**Task requirements:** Using the data that follows, return exactly the lines from the one that contains "iPhone SE 2nd Gen 128gb Image 4" through the one that contains "наркотики Дмитриев", ends included.

**Listed entries:**
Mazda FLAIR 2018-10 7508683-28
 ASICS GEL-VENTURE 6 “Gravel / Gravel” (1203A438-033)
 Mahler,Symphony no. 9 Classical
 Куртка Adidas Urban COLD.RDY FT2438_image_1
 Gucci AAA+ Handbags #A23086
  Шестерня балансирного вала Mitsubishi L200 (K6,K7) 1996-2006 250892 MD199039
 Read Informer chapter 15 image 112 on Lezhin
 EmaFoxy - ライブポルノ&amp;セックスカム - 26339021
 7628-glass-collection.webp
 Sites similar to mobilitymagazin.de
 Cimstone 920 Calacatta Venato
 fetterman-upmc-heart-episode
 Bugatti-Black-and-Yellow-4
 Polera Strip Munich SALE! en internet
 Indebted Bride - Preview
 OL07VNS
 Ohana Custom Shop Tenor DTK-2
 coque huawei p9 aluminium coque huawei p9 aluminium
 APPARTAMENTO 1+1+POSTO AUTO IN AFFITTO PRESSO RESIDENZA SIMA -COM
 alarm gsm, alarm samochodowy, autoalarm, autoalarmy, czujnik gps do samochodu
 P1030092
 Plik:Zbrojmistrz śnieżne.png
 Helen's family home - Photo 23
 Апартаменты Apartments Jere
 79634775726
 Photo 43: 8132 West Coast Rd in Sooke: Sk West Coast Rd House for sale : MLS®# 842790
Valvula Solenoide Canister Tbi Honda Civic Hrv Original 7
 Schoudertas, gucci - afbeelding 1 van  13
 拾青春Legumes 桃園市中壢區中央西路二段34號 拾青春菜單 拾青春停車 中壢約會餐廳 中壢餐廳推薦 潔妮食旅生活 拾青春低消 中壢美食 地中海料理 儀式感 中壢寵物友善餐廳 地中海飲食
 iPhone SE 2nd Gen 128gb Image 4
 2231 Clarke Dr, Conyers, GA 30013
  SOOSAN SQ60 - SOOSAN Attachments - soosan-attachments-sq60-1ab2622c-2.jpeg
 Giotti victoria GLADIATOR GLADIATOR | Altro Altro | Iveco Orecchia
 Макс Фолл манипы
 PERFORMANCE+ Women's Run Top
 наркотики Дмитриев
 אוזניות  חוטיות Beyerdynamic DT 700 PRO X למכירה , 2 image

**Result of the exercise:**
 iPhone SE 2nd Gen 128gb Image 4
 2231 Clarke Dr, Conyers, GA 30013
  SOOSAN SQ60 - SOOSAN Attachments - soosan-attachments-sq60-1ab2622c-2.jpeg
 Giotti victoria GLADIATOR GLADIATOR | Altro Altro | Iveco Orecchia
 Макс Фолл манипы
 PERFORMANCE+ Women's Run Top
 наркотики Дмитриев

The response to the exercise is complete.